Keep the pictures out of your copy. Transcribe the records below exactly.
───── Input material
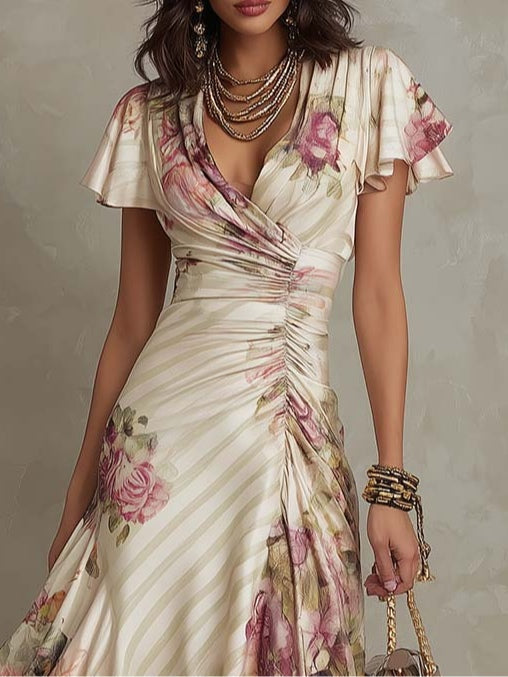 Robe midi en satin crème, fleurs roses, cache-cœur drapé et manches courtes.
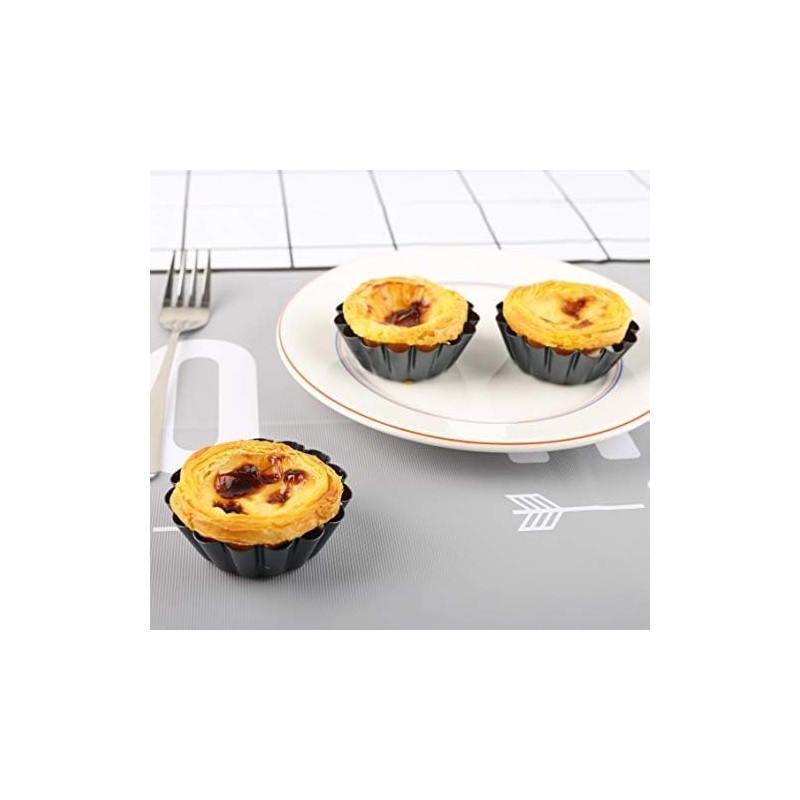 Egg Tart Mold Set of 12 Carbon Steel Upgrade Bigger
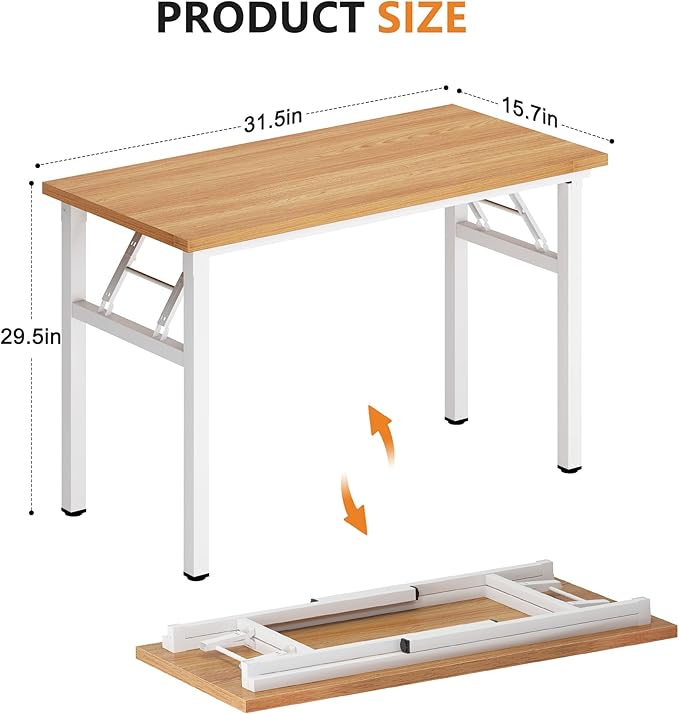 DlandHome Folding Desk - 31.5 Inch Small Computer Desk for Home Office - Folding Table Writing Table for Small Spaces - No Assembly Required - Teak & White Frame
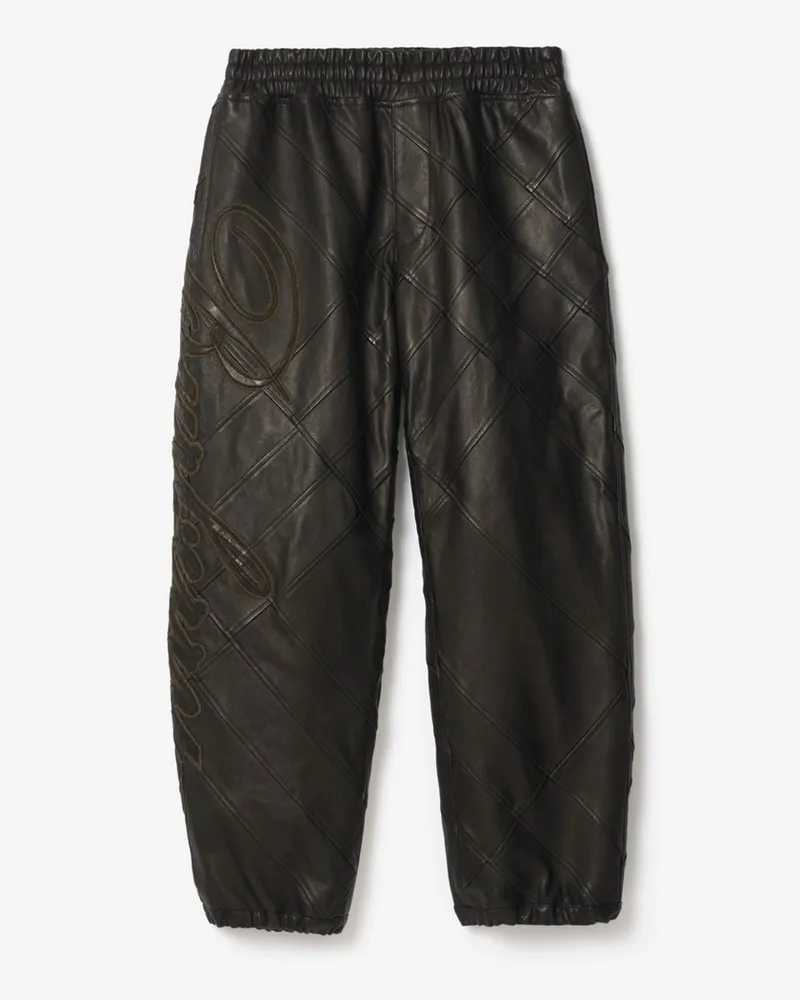 Burberry Hose aus Leder mit kursivem Logo , Size Schwarz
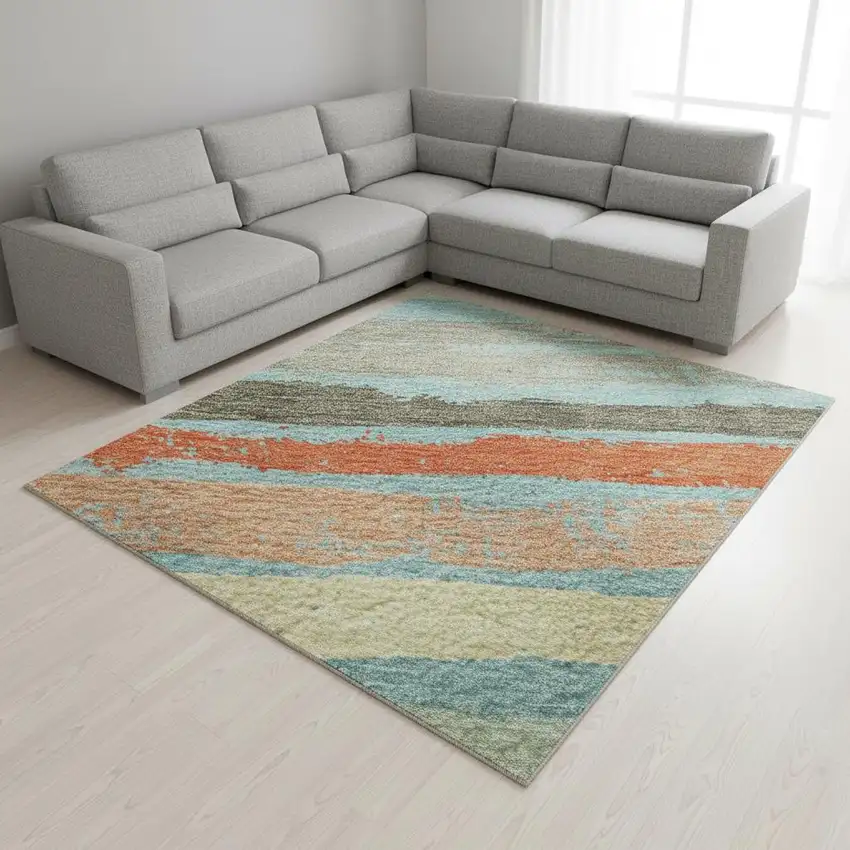 Sky Blue Orange And Ivory Striped Washable Area Rug With UV Protection Photo 2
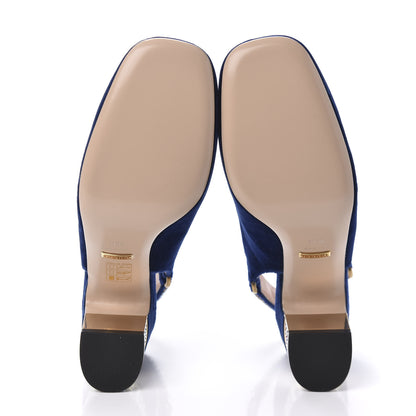 Gucci Velvet Crystal Square G Madelyn Slingbacks 38.5 Cobalt Blue 5 of 9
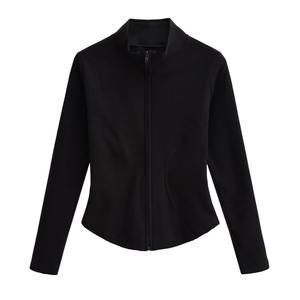 Top de Yoga Personalizado Transpirable de Spandex/Nailon, Talla Grande, Chaqueta Deportiva para Mujer, Ropa de Entrenamiento Suave, Media Cremallera en Contraste - Product Image 4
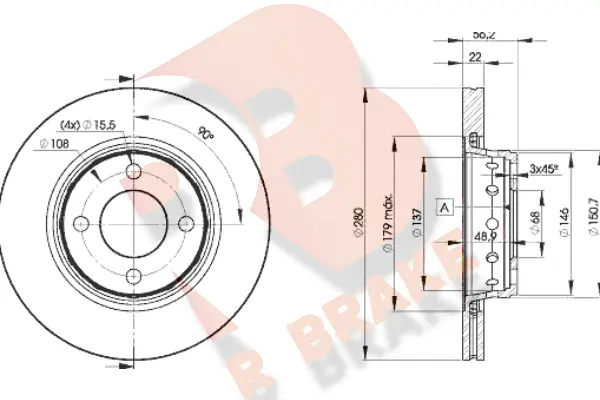 Disque de frein R BRAKE 78RBD28011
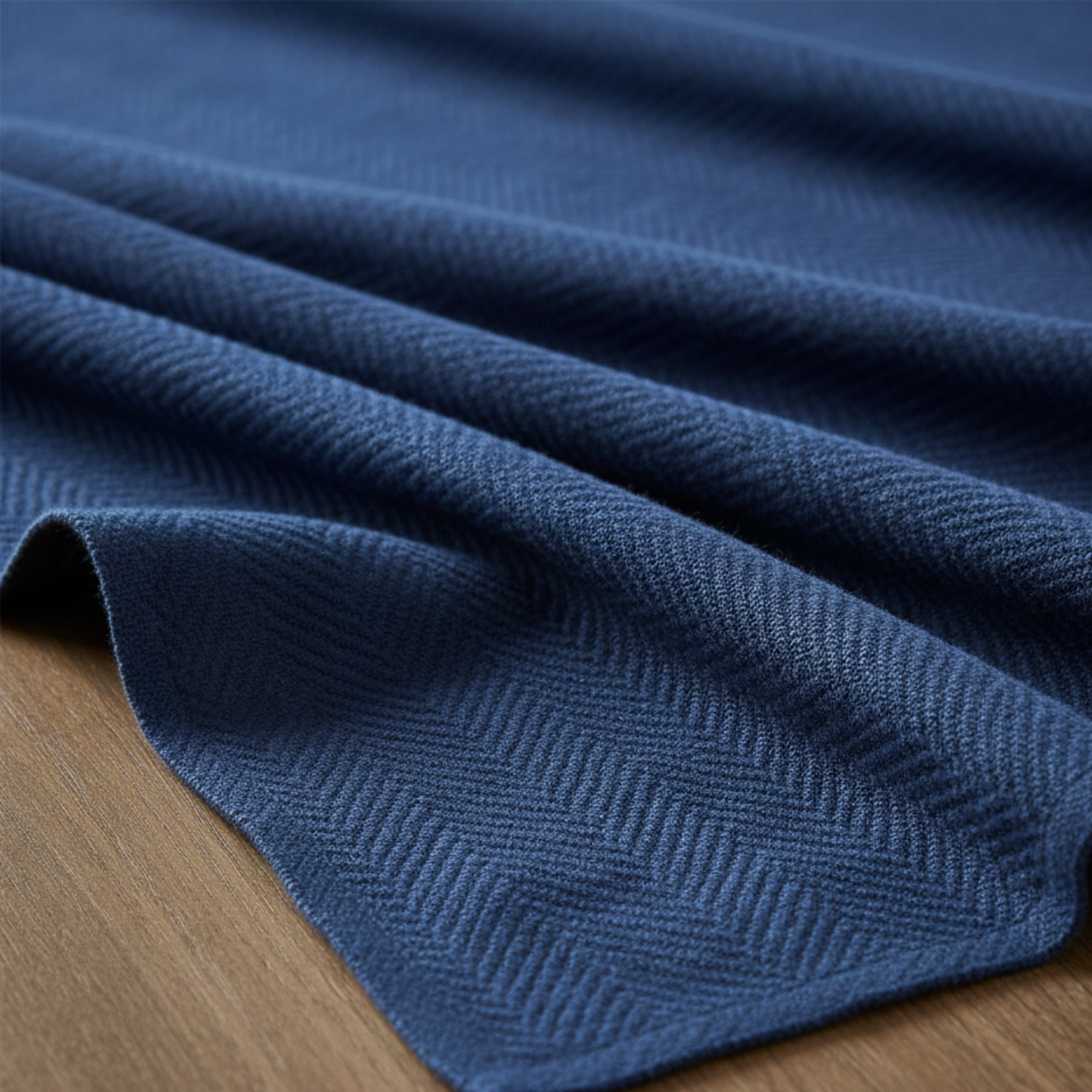 Cotton Herringbone Blanket: Ensign Blue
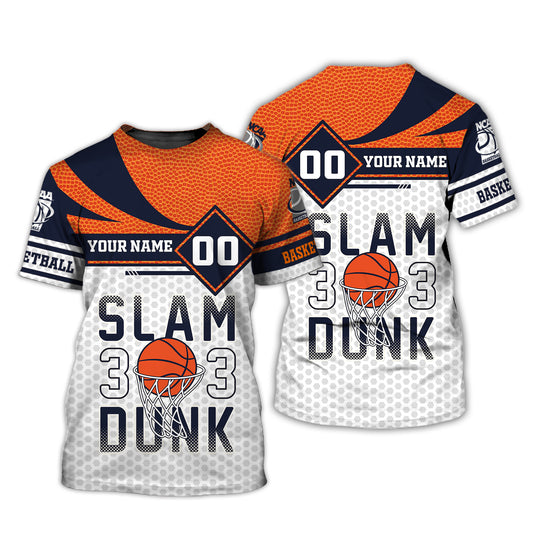 Herren-Shirt, individuelles Basketball-T-Shirt mit Namen und Nummer, Slam Dunk, Geschenk für Basketballspieler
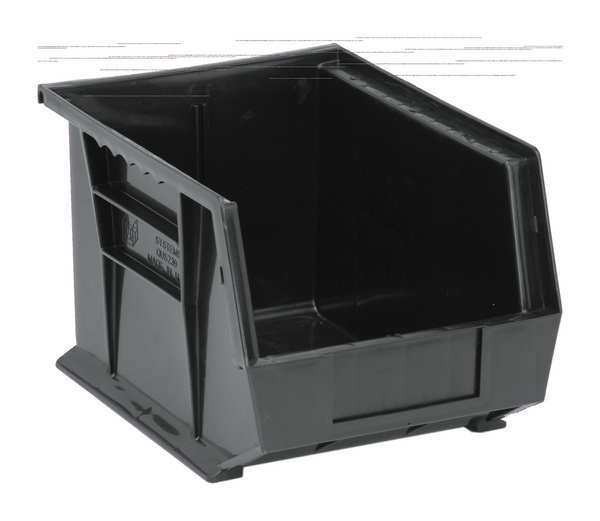 Hang & Stack Storage Bin, Black, Carbon Filled Copolymer Polypropylene, 50 lb Load Capacity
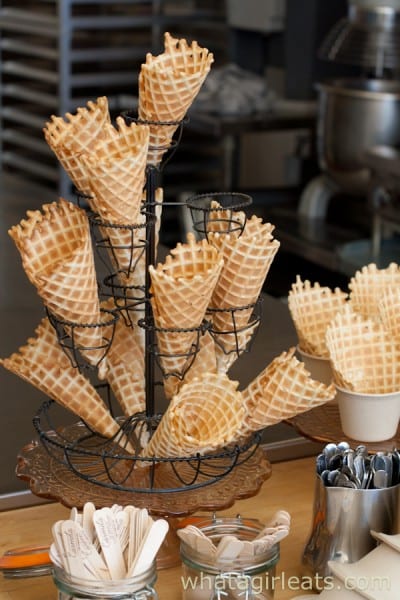 Carmela's makes their own waffle cones.
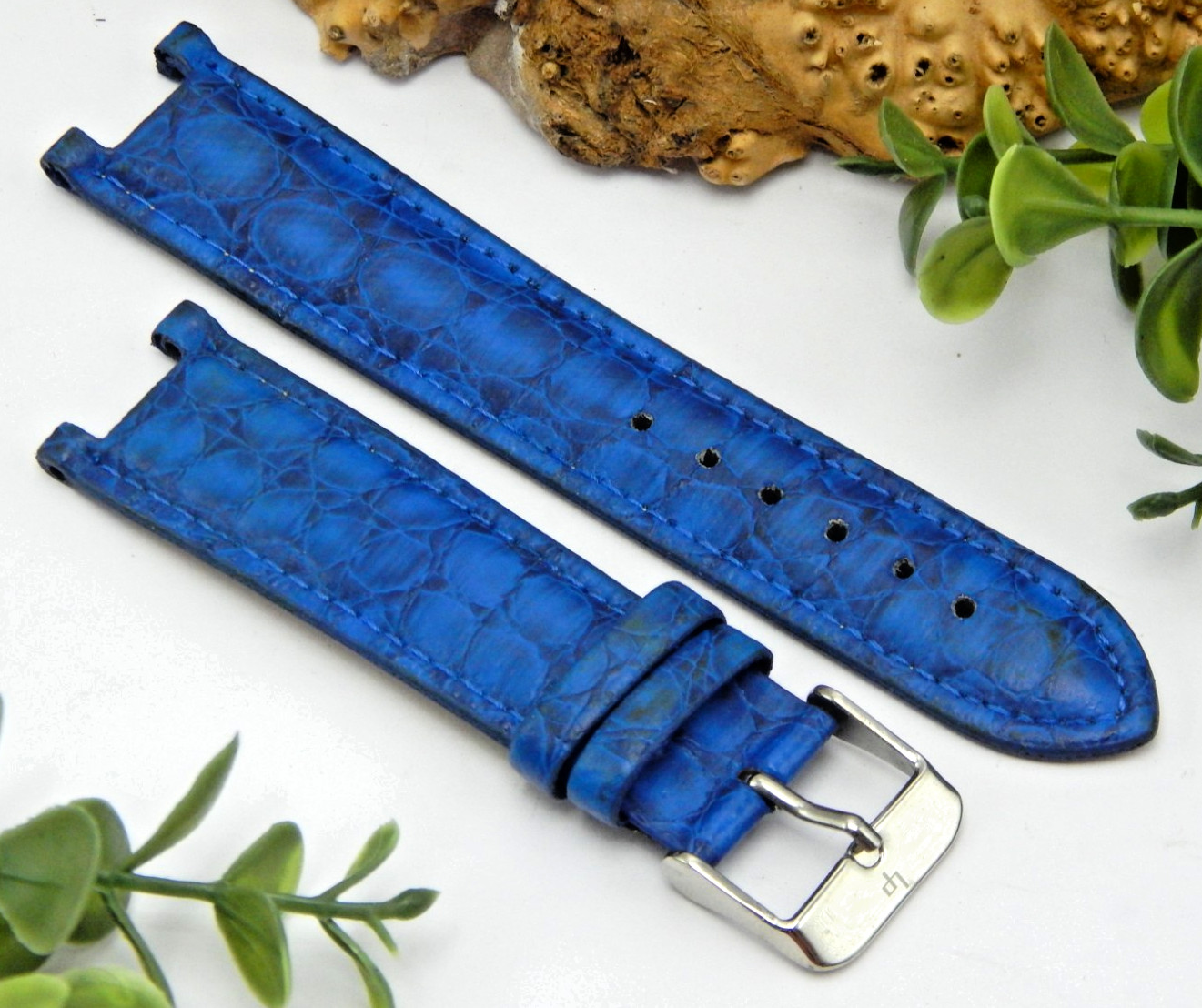 Royal Blue Lucien Piccard Signed Buckle watch band Notched Leather 20mm / 11.8mm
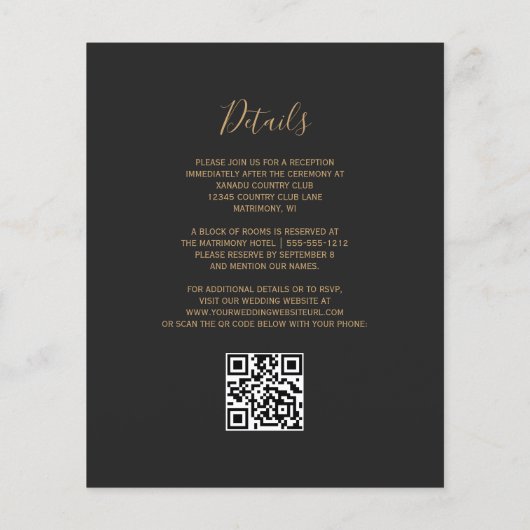 Papier Budget Marine Blue Gold Dark QR Code Mariage Invit (Dos)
──────────
Response:
 Robe midi en satin crème, fleurs roses, cache-cœur drapé et manches courtes.
 Egg Tart Mold Set of 12 Carbon Steel Upgrade Bigger
 DlandHome Folding Desk - 31.5 Inch Small Computer Desk for Home Office - Folding Table Writing Table for Small Spaces - No Assembly Required - Teak & White Frame
 Burberry Hose aus Leder mit kursivem Logo , Size Schwarz
 Sky Blue Orange And Ivory Striped Washable Area Rug With UV Protection Photo 2
 Gucci Velvet Crystal Square G Madelyn Slingbacks 38.5 Cobalt Blue 5 of 9
 Top de Yoga Personalizado Transpirable de Spandex/Nailon, Talla Grande, Chaqueta Deportiva para Mujer, Ropa de Entrenamiento Suave, Media Cremallera en Contraste - Product Image 4
 Disque de frein R BRAKE 78RBD28011
 Cotton Herringbone Blanket: Ensign Blue
 Herren-Shirt, individuelles Basketball-T-Shirt mit Namen und Nummer, Slam Dunk, Geschenk für Basketballspieler
 Hang & Stack Storage Bin, Black, Carbon Filled Copolymer Polypropylene, 50 lb Load Capacity
 Carmela's makes their own waffle cones.
 Royal Blue Lucien Piccard Signed Buckle watch band Notched Leather 20mm / 11.8mm
 Papier Budget Marine Blue Gold Dark QR Code Mariage Invit (Dos)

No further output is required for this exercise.